For instance, I never thought I'd live to see the day when gas reached $4 a gallon, yet, we are now over that threshold on our way to $5 a gallon with seemingly no relief in sight. Or is there?
In recent weeks, there has been talk about the possibility of drilling for oil up in Alaska in order to reduce gas prices, but many wildlife advocates and environmental groups are against it. There are plenty of good reasons on both sides to argue for or against drilling for oil up in Alaska, but as with anything that affects multitudes of people, there will have to be a certain degree of sacrifice and compromise on both sides if there is going to be effective change. Granted, not everyone is going to be happy with the final outcome, but given the circumstances that most middle-class families are struggling to deal with, it may be the only possible solution.
Whether most people realize it or not, we are far too dependent on foreign oil that comes in from other countries.
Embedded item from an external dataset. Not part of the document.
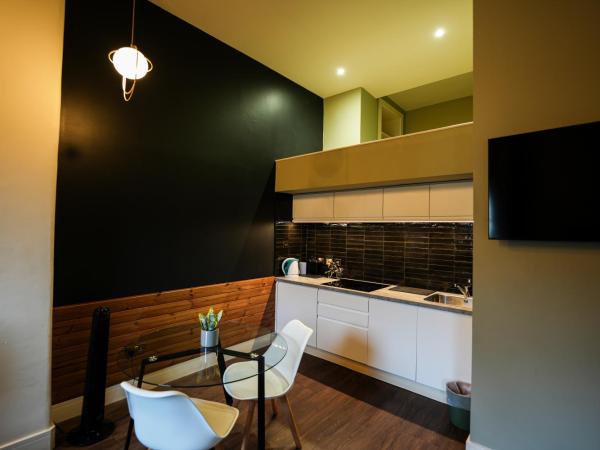 Revolver : photo 8 de la chambre appartement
To date, the U.S. is paying around $145 per barrel of imported crude oil, and with an estimated 250 trillion registered vehicles in the U.S. alone (according to a 2006 U.S. Bureau of Transit Statistics report), the need for fuel is greatly outweighing our "supply" of foreign oil, which basically means that in order to pay for this expensive foreign oil, the cost is passed down to the consumer, who ultimately has no choice but to purchase $4 per gallon gasoline in order to drive to their jobs and provide for their families.
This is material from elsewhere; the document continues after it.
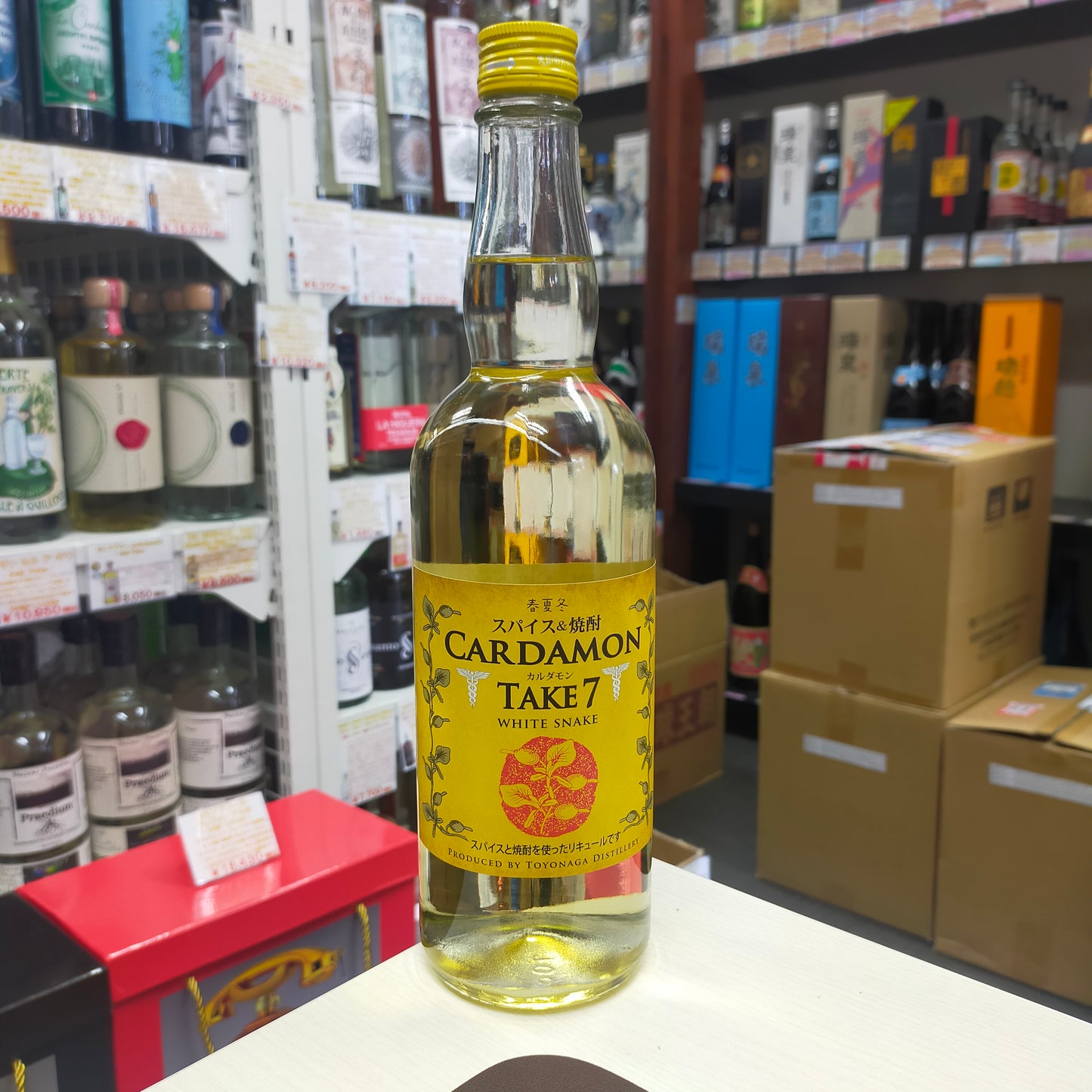 カルダモン テイク7 25度 700ml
So where do the animals come in? As an animal lover, I'd hate to see any harm come to some of the beautiful creatures that inhabit the areas presently under consideration for oil drilling. Nor would I wish for the picturesque landscape of Alaska to be marred forever. Given my past work in helping to save the sacred Zuni Salt Lake from coal mining, I do possess a certain empathy for environmental causes. However, I also consider myself a highly pragmatic individual, and therein lies the problem.
Alaska has some of the most scenic forests and landscapes in the U.S. and is home to some of the most beautiful creatures on earth, most famous of which are caribou, eagles and polar bears. But in light of our current gas "crisis," I feel that it would be practical if we do look into drilling for oil up in Alaska and proactively research any and all possible outcomes and attempt to mitigate any potential harm to the environment as much as possible. Despite the fact that a few animals will be temporarily dislocated and some landscapes might become marred, it's a price that we all (unfortunately) have to pay for being too dependent on foreign oil. It's simply one of the sacrifices that we need to make and environmental groups will have to make some compromises.
Again, no solution will be 100 percent perfect, but perhaps in time, humankind will catch up with itself and decide to come up with more environmentally sound solutions to this crisis. But in the meantime, the animals seem to have the perfect solution - take only what you need from nature and leave the rest of it for others to use. Until we realize the merit in this approach and turn away from the need to make a profit, we will always be dependent on the crutch that is foreign oil.